Atlas.HighDimensionalStatistics.code.Chapter5.Thm_5

source

noncomputable def FanoInequality.mixtureMeasure {Ω : Type u_1} [MeasurableSpace Ω] {M : ℕ} (P : Fin M → MeasureTheory.Measure Ω) :

MeasureTheory.Measure Ω

The mixture (average) measure: P̄ = (1/M) · Σⱼ Pⱼ.

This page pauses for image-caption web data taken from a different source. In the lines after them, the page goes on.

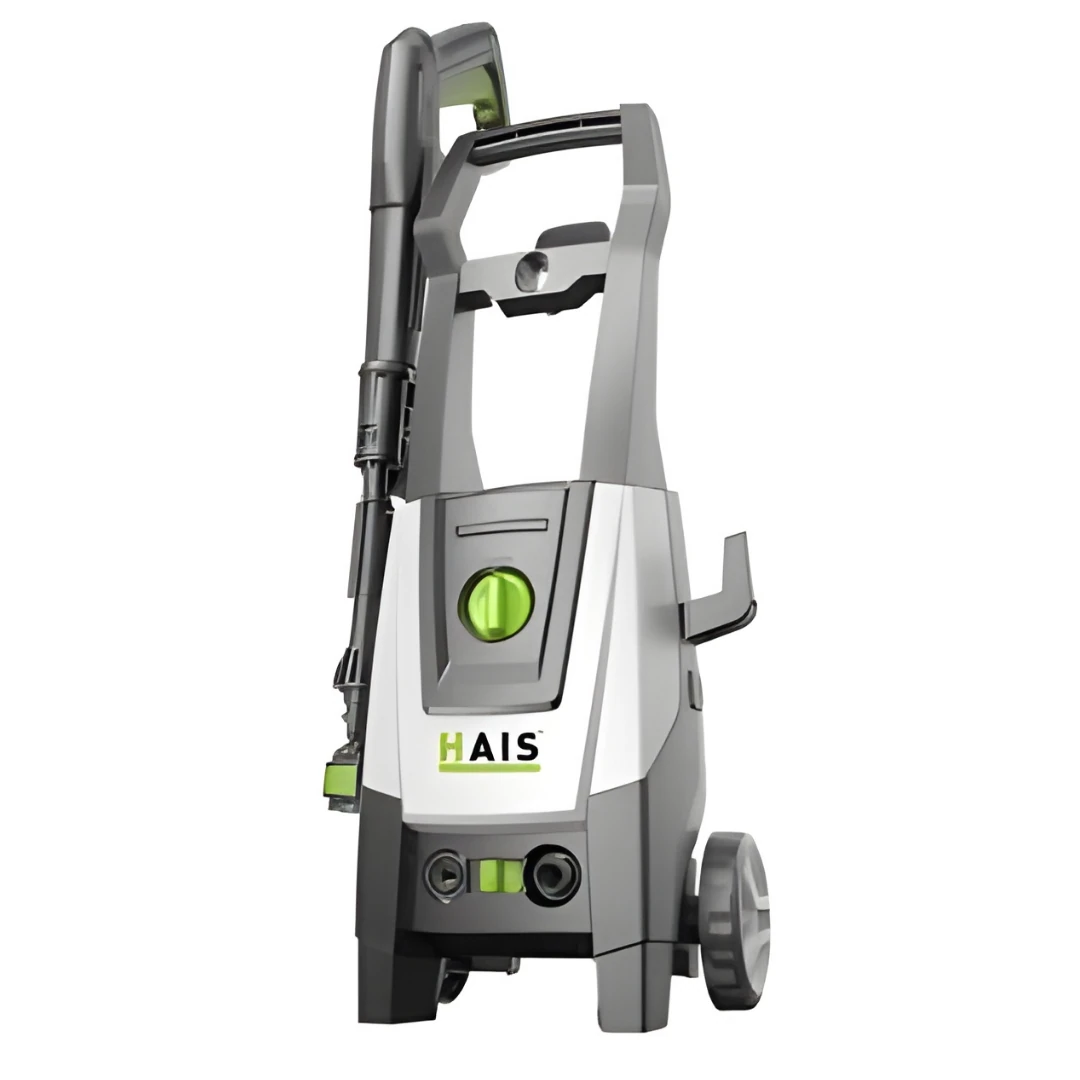 HAIS YÜKSEK BASINÇLI YIKAMA MAKİNESİ 170 BAR LT401 GW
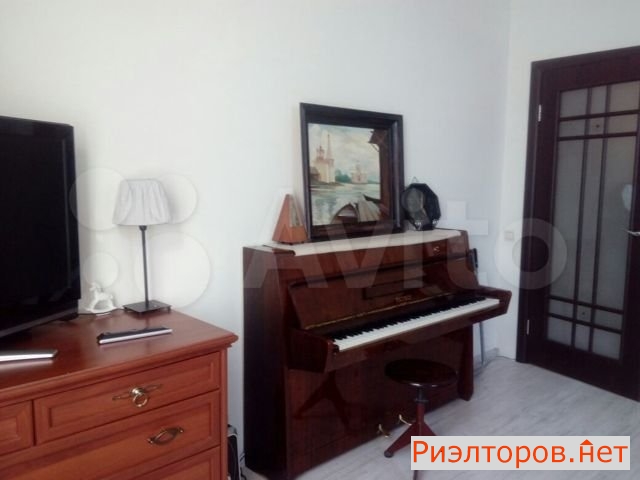 ����� �������� 1-� ��������������� ����� 27 12 (���� �11)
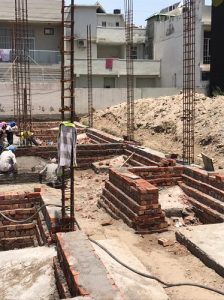 Construction Company in Alakode, Kannur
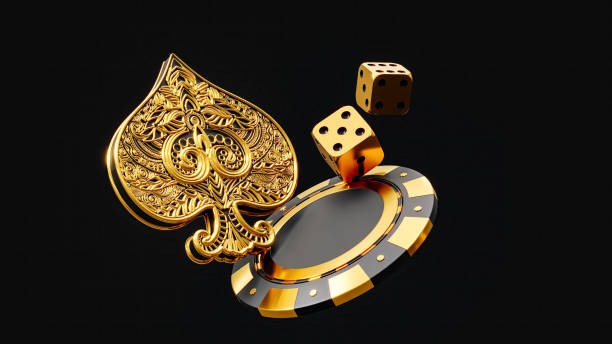 buahtogel featured game showcase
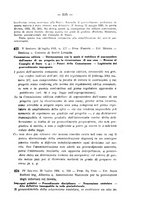 giornale/TO00210532/1931/P.2/00000545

This is the marginal distribution of X when the hypothesis index Z is drawn uniformly from {1, ..., M} and X | Z=j ∼ Pⱼ.

Instances For

source

theorem FanoInequality.mixtureMeasure_eq_infoTheory {Ω : Type u_1} [MeasurableSpace Ω] {M : ℕ} (P : Fin M → MeasureTheory.Measure Ω) :

mixtureMeasure P = InfoTheory.mixtureMeasure M P

Bridge lemma: the local mixtureMeasure equals InfoTheory.mixtureMeasure. The difference is purely syntactic: (M)⁻¹ vs 1 / M in ENNReal, which are definitionally equal via one_div.

source

theorem FanoInequality.fano_lemma {Ω : Type u_1} [MeasurableSpace Ω] (M : ℕ) (hM : 3 ≤ M) (P : Fin M → MeasureTheory.Measure Ω) [∀ (j : Fin M), MeasureTheory.IsProbabilityMeasure (P j)] (hac : ∀ (j k : Fin M), (P j).AbsolutelyContinuous (P k)) (hfin : ∀ (j k : Fin M), InformationTheory.klDiv (P j) (P k) ≠ ⊤) (ψ : Ω → Fin M) :

Measurable ψ → ∃ (j : Fin M), ((P j) {ω : Ω | ψ ω ≠ j}).toReal ≥ 1 - (1 / ↑M * ∑ j : Fin M, (InformationTheory.klDiv (P j) (mixtureMeasure P)).toReal + Real.log 2) / Real.log (↑M - 1)

Fano's lemma (information-theoretic core).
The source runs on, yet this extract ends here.